For the purposes of the course project, keeping the deployment cost manageable was part of the requirement, so cheaper infrastructure choices were not just acceptable but often preferable as long as they could be justified clearly. In that sense, cost was itself a valid architectural constraint rather than something separate from the design. If PeerPrep were instead kept online as a longer-running product, or expected to serve much heavier peak-hour traffic, the first parts to revisit would likely be the persistent infrastructure choices rather than the serverless ones. Services such as Lambda can already scale horizontally with much less manual intervention, but Redis sizing, ECS hardware allocation, and NAT-related decisions would need closer tuning to support sustained load reliably. Cost, in other words, did not invalidate the architecture; it helped determine which trade-offs made sense for a course setting and which ones would need to change for production scale.
What The Project Actually Proved
PeerPrep was never interesting because it used microservices, AWS, or Terraform in isolation. What made the project worth documenting was that the decisions stayed connected from start to finish. The design specification reduced UI drift, the team ownership model reinforced cleaner service boundaries, the microservice split made parallel implementation realistic, and the AWS deployment only really made sense because those application boundaries had already been drawn with initial care. Each later decision was not replacing the earlier one. It was inheriting from it.

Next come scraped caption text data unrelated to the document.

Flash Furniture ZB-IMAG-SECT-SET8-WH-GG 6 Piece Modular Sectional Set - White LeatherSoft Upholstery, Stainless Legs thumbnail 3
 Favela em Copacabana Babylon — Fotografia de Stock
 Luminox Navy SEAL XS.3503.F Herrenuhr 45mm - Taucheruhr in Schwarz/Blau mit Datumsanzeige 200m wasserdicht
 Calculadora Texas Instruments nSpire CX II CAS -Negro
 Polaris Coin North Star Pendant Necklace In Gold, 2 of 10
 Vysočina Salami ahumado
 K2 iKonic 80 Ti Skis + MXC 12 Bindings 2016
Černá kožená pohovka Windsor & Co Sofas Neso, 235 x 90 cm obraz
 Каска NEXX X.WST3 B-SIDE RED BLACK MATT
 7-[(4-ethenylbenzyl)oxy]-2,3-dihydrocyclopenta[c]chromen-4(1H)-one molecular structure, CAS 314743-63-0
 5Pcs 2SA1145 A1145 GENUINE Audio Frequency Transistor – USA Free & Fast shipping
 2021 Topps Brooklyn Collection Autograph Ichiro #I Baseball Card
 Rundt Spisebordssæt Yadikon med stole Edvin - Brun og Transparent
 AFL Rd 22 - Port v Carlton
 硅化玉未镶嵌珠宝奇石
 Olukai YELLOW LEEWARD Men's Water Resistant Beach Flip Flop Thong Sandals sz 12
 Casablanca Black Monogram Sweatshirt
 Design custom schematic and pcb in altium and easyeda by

That is also the more useful takeaway for anyone building a system like this. The first architectural question is usually not "Should this be microservices?" and it is definitely not "Which cloud service should I use?" The better question is whether the product already contains responsibilities that change at different speeds, fail in different ways, or demand different runtime behavior. Once the answer becomes yes, separation stops being an abstract principle and starts becoming an operational advantage. It improves team parallelism, keeps interfaces more honest, and makes cost trade-offs easier to reason about before actual deployment.